UPDATE: Replaced the environmental cost link. The video was catchy, but, uh... tendentious.

 

November 22, 2009

It is a truth universally acknowledged [at least outside the US] that American chocolate sucks. This observation serves as synechdoche for the general sense that Americans are philistines who are only interested in McDonalds and Budweiser. In the particular case of chocolate, however, the story is rather more interesting. The dominant chocolate in the US is Hersheys and for historical reasons Hersheys has a very distinct flavor:
Hershey process milk chocolate, invented by Milton S. Hershey, founder of The Hershey Company, can be produced more economically since it is less sensitive to the freshness of the milk. Although the process is still a trade secret, experts speculate that the milk is partially lipolyzed, producing butyric acid, which stabilizes the milk from further fermentation. This compound gives the product a particular sour, "tangy" taste, to which the American public has become accustomed, to the point that other manufacturers now simply add butyric acid to their milk chocolates.

As with beer (another oft-maligned American product which I'll get to in a minute), it's not like Americans don't know how to make chocolate that's good by non-US standards (exhibits A-G: Scharffen Berger [now owned by Hersheys, btw.], Guittard, Devries, Askinosie, Amano, Patric, Tcho), it's just a case of path dependence.

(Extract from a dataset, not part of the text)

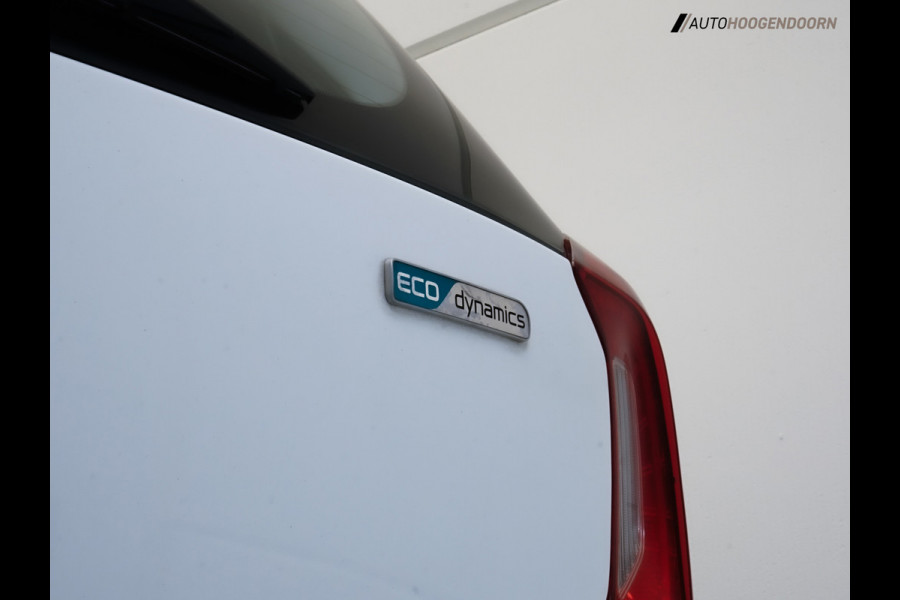 Kia Picanto 1.0 CVVT ComfortPlusLine Navigator (APPLE CARPLAY,ACHTERUITRIJCAMERA,AIRCO,NAVIGATIE,LM-VELGEN,LED,TOPCONDITIE)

Americans are used to a particular flavor, and as the passage above suggests, actively reject chocolate without that. Interestingly, I just got back from the UK, where I picked up a few bars of the legendary Cadbury Dairy Milk only to find it not at all as I remembered. Terence Spies suggests that this may be a problem in product handling but the above Wikipedia article suggests that they may have actually screwed with the formula, which, if true, is baffling.

I spent a lot of my time in the UK drinking and came away with a single observation: British beer is astonishingly bad, overly sweet, flat, thin, and almost utterly without hop flavor. I was mostly drinking local beers but I also tried Guinness and Bass, both of which I've had in the US, and while the Guinness was all right, the Bass seemed to differ from the US version in the same way as all the others. I attribute part of the difference here to the temperature (British beers are served far warmer) and lower level of carbonation due to cask conditioning, with the resulting lower level of carbonic acid. But the primary difference seems to be far less hops, both in terms of bittering and aroma; conversely my British companion informed me that they find American beers way too hoppy. (For the record, when I was in Germany and the Czech Republic, I found their beers perfectly fine). I don't have a complete theory for this, but I'm guessing it's another path dependence issue, in this case due to prohibition gutting the American alcohol market and leaving only a small number of breweries focusing on Czech pilsner style beers. This created a population bottleneck, and when the beer market in the US re-expanded with the American craft brew movement in the 1980s and 1990s it drifted in a totally different direction from that found in its ancestral population, one focusing on much higher levels of bitterness and hoppiness.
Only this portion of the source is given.